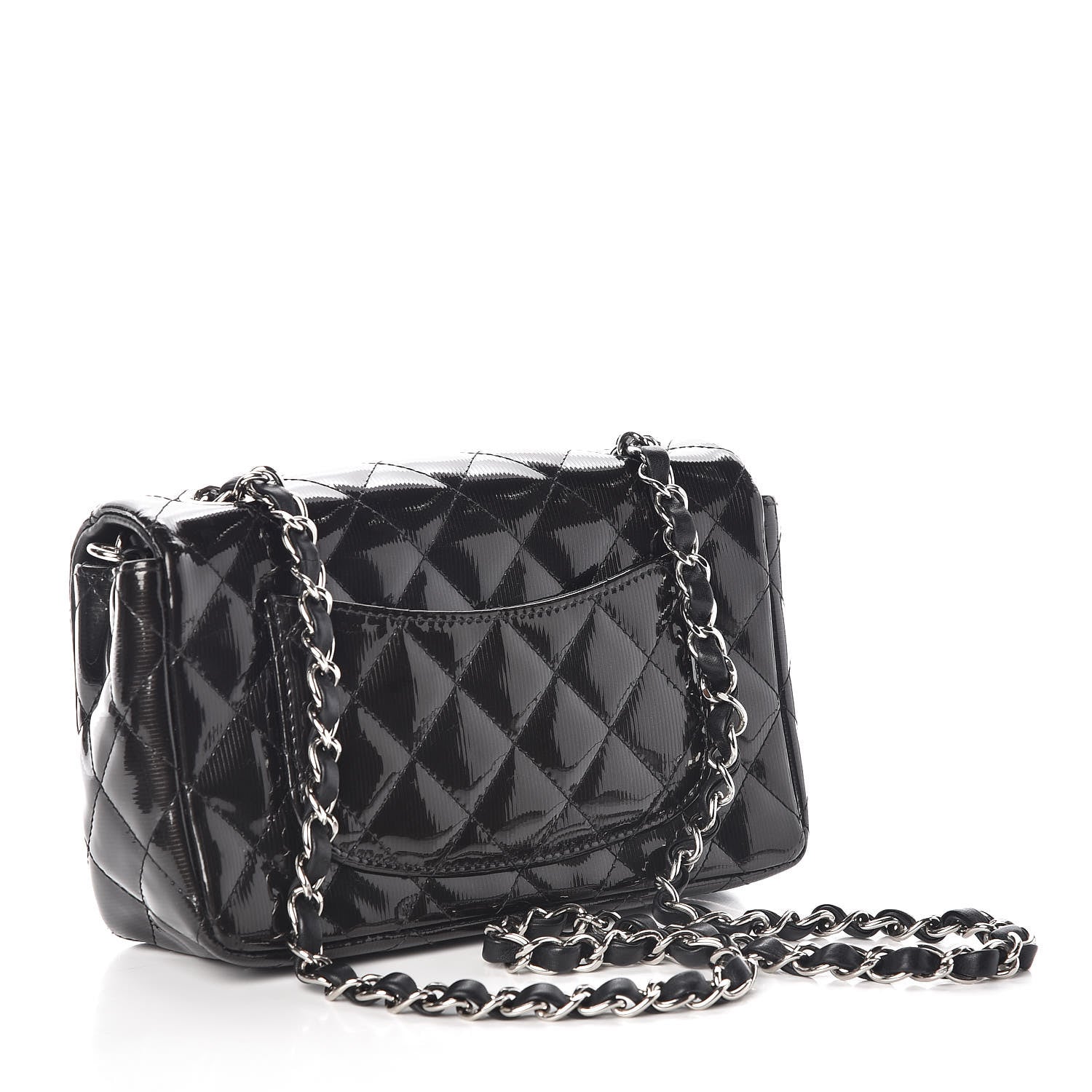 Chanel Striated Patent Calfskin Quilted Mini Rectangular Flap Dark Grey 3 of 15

...

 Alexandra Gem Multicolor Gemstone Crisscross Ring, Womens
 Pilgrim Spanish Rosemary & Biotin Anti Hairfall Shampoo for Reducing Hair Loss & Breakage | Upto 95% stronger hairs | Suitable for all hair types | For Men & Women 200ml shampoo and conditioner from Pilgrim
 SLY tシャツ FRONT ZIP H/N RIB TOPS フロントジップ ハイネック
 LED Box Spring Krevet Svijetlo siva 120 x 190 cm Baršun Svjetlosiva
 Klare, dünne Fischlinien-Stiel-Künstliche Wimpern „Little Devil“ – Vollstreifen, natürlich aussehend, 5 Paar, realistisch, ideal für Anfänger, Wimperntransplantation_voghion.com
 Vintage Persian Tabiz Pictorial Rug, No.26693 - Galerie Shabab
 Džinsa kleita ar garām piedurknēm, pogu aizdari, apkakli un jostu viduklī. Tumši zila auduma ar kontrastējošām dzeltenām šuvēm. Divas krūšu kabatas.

...

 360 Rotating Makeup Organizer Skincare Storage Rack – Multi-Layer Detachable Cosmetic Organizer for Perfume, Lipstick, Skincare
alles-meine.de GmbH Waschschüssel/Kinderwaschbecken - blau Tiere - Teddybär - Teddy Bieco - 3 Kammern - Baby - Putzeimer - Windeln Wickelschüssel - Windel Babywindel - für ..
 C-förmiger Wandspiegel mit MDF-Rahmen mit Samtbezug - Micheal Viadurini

■ **Exercise instructions**: Among the records above, only the lines between the line holding "Pilgrim Spanish Rosemary" and the line holding "Džinsa kleita ar", inclusive, are to be output, exactly as written.

■ **Answer to this exercise**:
 Pilgrim Spanish Rosemary & Biotin Anti Hairfall Shampoo for Reducing Hair Loss & Breakage | Upto 95% stronger hairs | Suitable for all hair types | For Men & Women 200ml shampoo and conditioner from Pilgrim
 SLY tシャツ FRONT ZIP H/N RIB TOPS フロントジップ ハイネック
 LED Box Spring Krevet Svijetlo siva 120 x 190 cm Baršun Svjetlosiva
 Klare, dünne Fischlinien-Stiel-Künstliche Wimpern „Little Devil“ – Vollstreifen, natürlich aussehend, 5 Paar, realistisch, ideal für Anfänger, Wimperntransplantation_voghion.com
 Vintage Persian Tabiz Pictorial Rug, No.26693 - Galerie Shabab
 Džinsa kleita ar garām piedurknēm, pogu aizdari, apkakli un jostu viduklī. Tumši zila auduma ar kontrastējošām dzeltenām šuvēm. Divas krūšu kabatas.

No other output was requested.